E così se n’è andato Gene Hackman, non è chiarissimo come ma avrebbe meritato di meglio. Già i primissimi che hanno rovistato nei suoi giganteschi 95 anni per scrivere i coccodrilli online hanno trovato subito quei due pizzichi di aneddotica che in queste occasioni ci stanno sempre bene: l’ultimo posto in classifica alla scuola di recitazione ex aequo con Dustin Hoffmann, l’epitaffio meravigliosamente umile che immaginava per sé: “Uno che ci ha provato”.

Gli dobbiamo molto, ma prima di tutto un sorriso. Non il nostro, quello si dice quando se ne va un comico: gli siamo debitori del sorriso suo.

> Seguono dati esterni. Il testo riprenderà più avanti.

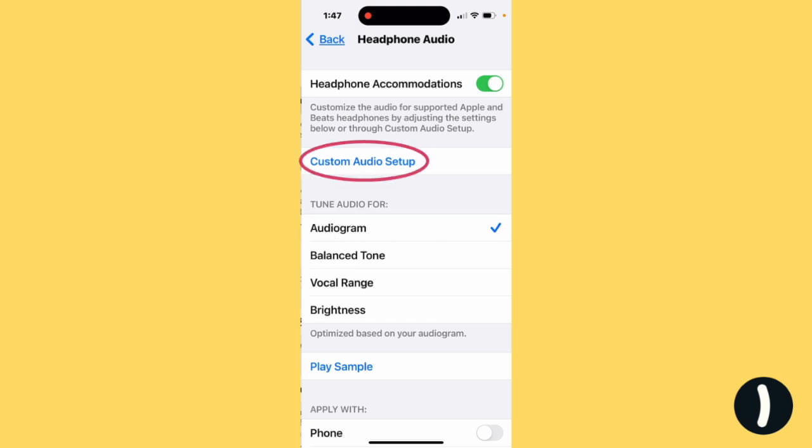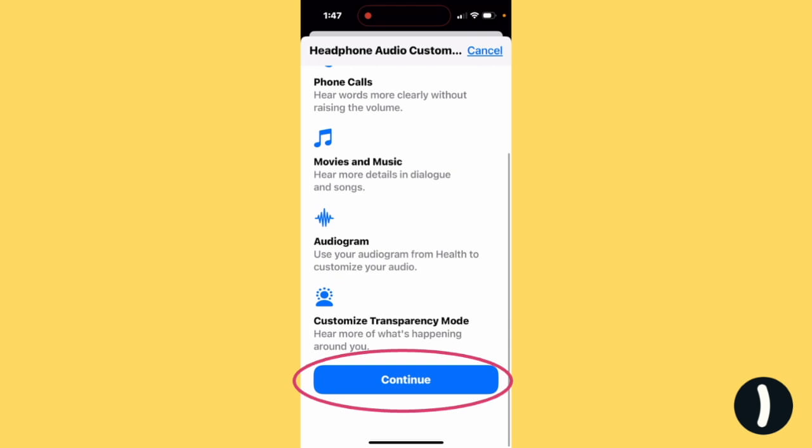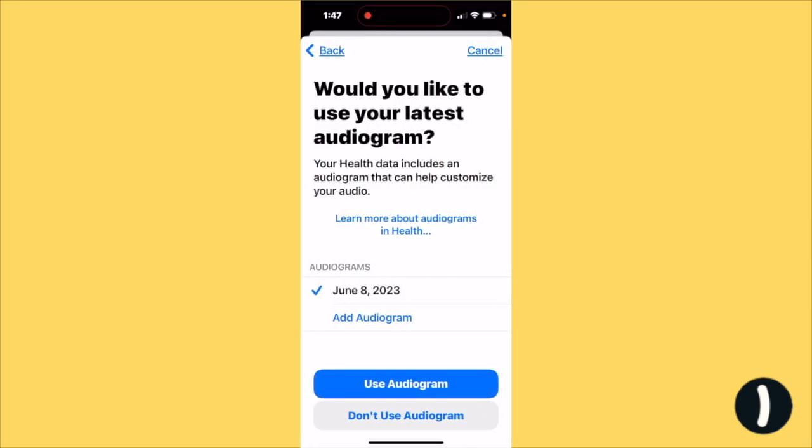Then tap Custom Audio Setup and hit Continue. Here you can see your current audiogram, but if you don't have one, just tap Add Audiogram. Or you can update yours if yours isn't current.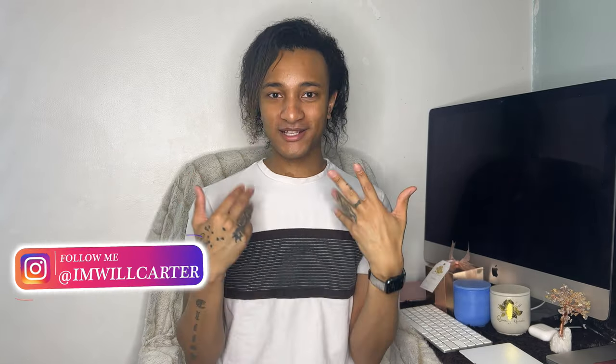If you guys want to check me out off of YouTube, check me out on Instagram at I'm Will Carter for all things my life. Don't forget the signature 2022 collection is available — go get your candle over at queensofgarden.com. It is spelled exactly how it's pronounced. There will be a link in the bio just in case.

Con una dotazione di denti e labbra nella norma riusciva a fare miracoli di espressività, e da un’inquadratura all’altra diventava l’amico spiccio e bonario che tutti vorremmo avere accanto e poi il nemico malvagio che nessuno vorrebbe trovarsi di fronte. Il tutto con un sommovimento millimetrico di lineamenti in una faccia complessivamente facciosa, non certo da apollo hollywoodiano. Roba umana, insomma, eppure se uno di noi provasse a rifare quel sorriso i commensali penserebbero che gli sta venendo un’ischemia. E poi sapeva portare la cuffia di lana e il porky pie, che non è mica da tutti. Uno che ci ha provato e caspita se ci è riuscito. Thanks.